EXERCISE GOAL
When the line containing "Terreno rústico , composto" appears in the entries below, begin printing there and stop after the line containing "Tardis shrunk, abstract, bird"; print each of those lines exactly and no other line.

(Saved entries)
--

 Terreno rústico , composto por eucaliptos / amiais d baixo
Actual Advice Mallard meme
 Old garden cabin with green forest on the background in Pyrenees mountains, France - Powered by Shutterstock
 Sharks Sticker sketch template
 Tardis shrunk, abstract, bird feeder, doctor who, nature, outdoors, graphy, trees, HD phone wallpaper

--

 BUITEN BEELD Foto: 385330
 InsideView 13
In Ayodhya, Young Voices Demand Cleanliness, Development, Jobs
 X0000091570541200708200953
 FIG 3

--

EXPECTED OUTPUT
 Terreno rústico , composto por eucaliptos / amiais d baixo
Actual Advice Mallard meme
 Old garden cabin with green forest on the background in Pyrenees mountains, France - Powered by Shutterstock
 Sharks Sticker sketch template
 Tardis shrunk, abstract, bird feeder, doctor who, nature, outdoors, graphy, trees, HD phone wallpaper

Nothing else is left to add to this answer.